Roberto Micheletti, président du Parlement, a été désigné par la Chambre en fin de soirée. "Il a transformé ce coup d’État en un acte tout à fait légal via un tour de passe-passe assez osé, constate Laurence Cuvillier, correspondante FRANCE 24 basée à Mexico. Il a déclaré être arrivé à la présidence par un processus légal et conforme aux lois. Il fait ici référence au respect de la Constitution, selon laquelle l’armée qui a capturé et expulsé Zelaya obéit aux ordres de la Cour suprême."
Vague de condamnations à travers le monde
Dimanche matin, l’armée a tiré Manuel Zelaya de son lit. Encore en pyjama, il a été arrêté et expulsé au Costa Rica. Cette décision de la Cour suprême fait suite à la volonté de Zelaya d’organiser - malgré l'opposition de dirigeants de sa propre formation politique, le Parti libéral, et la condamnation de la Cour suprême - un référendum pour introduire dans la Constitution la possibilité de prolonger le mandat présidentiel de quatre ans. La prochaine élection présidentielle était prévue le 29 novembre.
Une fois Manuel Zelaya déchu, le Parlement a affirmé avoir voté à l’unanimité en faveur de Roberto Micheletti pour remplacer Zelaya jusqu'au 27 janvier 2010, date de la fin du mandat de celui-ci. "Mais une zone d’ombre persiste, souligne Laurence Cuviller, puisque le Congrès a aussi annoncé avoir reçu une lettre de démission de Zelaya, information démentie par la suite par l’intéressé."
Dimanche en fin de journée, des coups de feu ont été entendus près de la présidence dans la capitale, Tegucigalpa, alors qu’un millier de manifestants venus réclamer le retour du président déchu défilaient dans les rues. "Des manifestants pro-Zelaya auraient cherché à s’accrocher à une voiture militaire. Les militaires ont riposté en tirant en l’air", commente Laurence Cuvillier. Aucune victime n’est à déplorer.
La destitution de Zelaya a suscité une vague de condamnations à travers le monde, des États-Unis à l'Union européenne et à commencer par celle du secrétaire de l'ONU, Ban Ki-Moon. L'ONU doit se réunir lundi en assemblée générale pour traiter de la situation au Honduras.
Solidarité entre chefs d'Etat d'Amérique latine
Par ailleurs, une réunion de l'Alliance bolivarienne pour les Amériques (Alba), bloc antilibéral fondé par le Venezuela et Cuba, se tient actuellement à Managua, capitale du Nicaragua, en présence du président Daniel Ortega et de son homologue équatorien Rafael Correa, ainsi que de Manuel Zelaya. "La solidarité semble fonctionner entre chefs d’État", note François-Xavier Freland, correspondant FRANCE 24 à Caracas.
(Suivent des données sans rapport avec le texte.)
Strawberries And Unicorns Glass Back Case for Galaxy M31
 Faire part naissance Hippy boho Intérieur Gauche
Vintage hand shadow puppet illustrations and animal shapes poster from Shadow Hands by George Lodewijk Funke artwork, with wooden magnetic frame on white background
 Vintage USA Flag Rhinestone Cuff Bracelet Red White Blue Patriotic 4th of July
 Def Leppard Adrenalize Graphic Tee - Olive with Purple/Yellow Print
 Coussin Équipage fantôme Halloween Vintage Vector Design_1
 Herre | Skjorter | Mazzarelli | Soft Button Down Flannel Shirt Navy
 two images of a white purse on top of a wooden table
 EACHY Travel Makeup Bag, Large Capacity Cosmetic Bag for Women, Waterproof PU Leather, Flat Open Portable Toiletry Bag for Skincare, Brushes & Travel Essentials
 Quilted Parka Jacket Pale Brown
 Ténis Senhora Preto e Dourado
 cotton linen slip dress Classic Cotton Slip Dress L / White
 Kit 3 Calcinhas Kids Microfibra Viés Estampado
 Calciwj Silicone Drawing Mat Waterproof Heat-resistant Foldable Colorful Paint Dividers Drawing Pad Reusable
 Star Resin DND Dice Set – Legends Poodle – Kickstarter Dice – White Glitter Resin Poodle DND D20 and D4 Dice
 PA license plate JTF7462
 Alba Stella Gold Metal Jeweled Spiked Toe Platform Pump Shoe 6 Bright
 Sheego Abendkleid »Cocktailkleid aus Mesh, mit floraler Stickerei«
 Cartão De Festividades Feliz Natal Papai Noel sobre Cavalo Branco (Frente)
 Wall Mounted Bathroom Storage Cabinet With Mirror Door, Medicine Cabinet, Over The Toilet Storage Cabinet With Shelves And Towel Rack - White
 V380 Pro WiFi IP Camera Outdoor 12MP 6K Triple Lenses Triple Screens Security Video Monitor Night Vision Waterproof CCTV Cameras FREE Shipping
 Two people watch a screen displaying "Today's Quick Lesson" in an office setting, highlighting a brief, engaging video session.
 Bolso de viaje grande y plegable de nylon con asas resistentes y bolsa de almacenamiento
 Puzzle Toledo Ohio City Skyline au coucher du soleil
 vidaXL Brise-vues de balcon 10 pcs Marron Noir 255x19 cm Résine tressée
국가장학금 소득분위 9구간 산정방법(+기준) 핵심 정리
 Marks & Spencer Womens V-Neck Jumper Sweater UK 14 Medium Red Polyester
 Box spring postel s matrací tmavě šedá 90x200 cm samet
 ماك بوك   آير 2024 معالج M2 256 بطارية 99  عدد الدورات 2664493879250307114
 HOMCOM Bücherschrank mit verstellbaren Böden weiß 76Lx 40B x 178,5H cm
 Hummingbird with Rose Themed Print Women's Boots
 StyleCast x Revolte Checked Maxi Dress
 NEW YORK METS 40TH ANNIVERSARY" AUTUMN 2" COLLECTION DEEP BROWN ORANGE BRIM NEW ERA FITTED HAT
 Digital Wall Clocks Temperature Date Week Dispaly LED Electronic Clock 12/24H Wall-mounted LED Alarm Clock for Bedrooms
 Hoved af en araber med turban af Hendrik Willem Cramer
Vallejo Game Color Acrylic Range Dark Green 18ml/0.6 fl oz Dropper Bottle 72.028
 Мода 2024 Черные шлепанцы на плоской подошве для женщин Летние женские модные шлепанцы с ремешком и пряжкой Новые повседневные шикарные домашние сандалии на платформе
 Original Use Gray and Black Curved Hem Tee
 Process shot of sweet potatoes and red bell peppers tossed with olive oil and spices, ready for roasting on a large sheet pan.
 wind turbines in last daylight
L'Alba va tenter de rétablir Manuel Zelaya à la présidence du Honduras, tout comme a prévu de le faire, lundi, un sommet du Système d'intégration centraméricain (SICA), qui a exigé "le rétablissement immédiat dans ses fonctions" du président expulsé de son pays.
Le président vénézuélien Hugo Chavez, qui n’affiche pas les mêmes couleurs politiques que Zelaya, a placé ses troupes en état d'alerte à la suite du coup d'Etat. Il a fait savoir qu'il riposterait militairement au cas où son ambassadeur dans ce pays serait attaqué ou enlevé. Il a également annoncé qu'il ferait tout pour "faire avorter" le putsch. "Ce coup d’Etat est, pour Chavez, l’occasion de revenir sur le devant de la scène et d’endosser son rôle de chef protecteur en Amérique latine", explique François-Xavier Freland.
De leur côté, les Etats-Unis ont appelé au respect du droit international. Le communiqué du président Barack Obama et de la secrétaire d'Etat Hillary Clinton demande aux deux parties de respecter les règles de la démocratie et du droit international. "Ceci est un message pour l’armée mais aussi pour Zelaya à respecter la Constitution de l’Honduras", commente Guillaume Meyer, correspondant FRANCE 24 à Washington. Pour les Etats-Unis, Zelaya est toujours le président officiel et les Américains aimeraient pouvoir faciliter son retour. Les Etats-Unis voudraient pouvoir travailler avec les membres de l’Alba, selon des membres de l’administration Obama.